Basic Usage of n_distinct()
The most common way to count distinct values is to use n_distinct() with pull() to extract a column:
df |>
pull(id) |>
n_distinct()This counts all unique values including NA, so we get 5 distinct values (1, 2, 3, 4, and NA).
Handling Missing Values
To exclude missing values from the count, use the na.rm parameter:
df |>
pull(id) |>
n_distinct(na.rm = TRUE)Now we get 4 distinct values, excluding the NA.
Alternative Approaches
You can achieve the same result using unique() and length():
df |>
pull(id) |>
unique() |>
length()This approach first gets unique values, then counts them. However, n_distinct() is more concise and handles missing values more explicitly.
Direct Column Access
You can also use n_distinct() directly on a column without pipes:
n_distinct(df$id)This base R syntax is shorter for simple cases but doesn’t integrate as well with dplyr workflows.
Counting Distinct Rows
When applied to an entire dataframe, n_distinct() counts unique combinations of all columns:
df |>
n_distinct()This tells us how many completely unique rows exist in our dataset.

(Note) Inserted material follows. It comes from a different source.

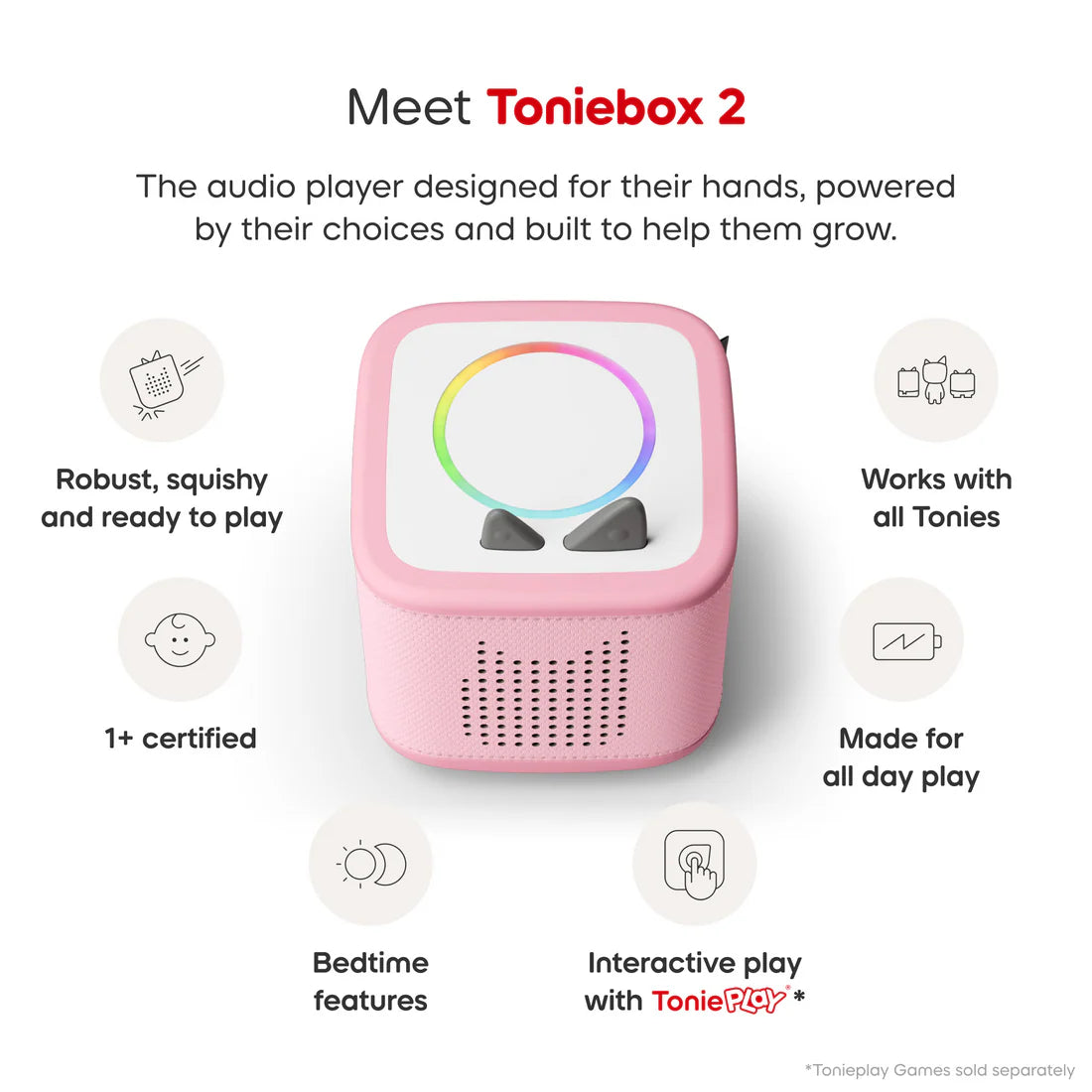 Toniebox 2 Cloud Pink & Creative Rubie Set Spotty Dot Toys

Using n_distinct() with Group Operations
One of the most powerful applications is counting distinct values within groups:
# Example with grouped data
df_grouped <- tibble(
category = c("A", "A", "B", "B", "B"),
value = c(10, 20, 10, 30, 20)
)
df_grouped |>
group_by(category) |>
summarize(distinct_values = n_distinct(value))This shows how many distinct values exist within each category, which is invaluable for understanding data distribution across groups.
Summary
The n_distinct() function is an essential tool for exploratory data analysis in R. Use it to quickly count unique values in columns, check data quality, and summarize categorical variables. Remember to use na.rm = TRUE when you want to exclude missing values from your counts. Combined with group_by(), it becomes even more powerful for understanding patterns within different subsets of your data.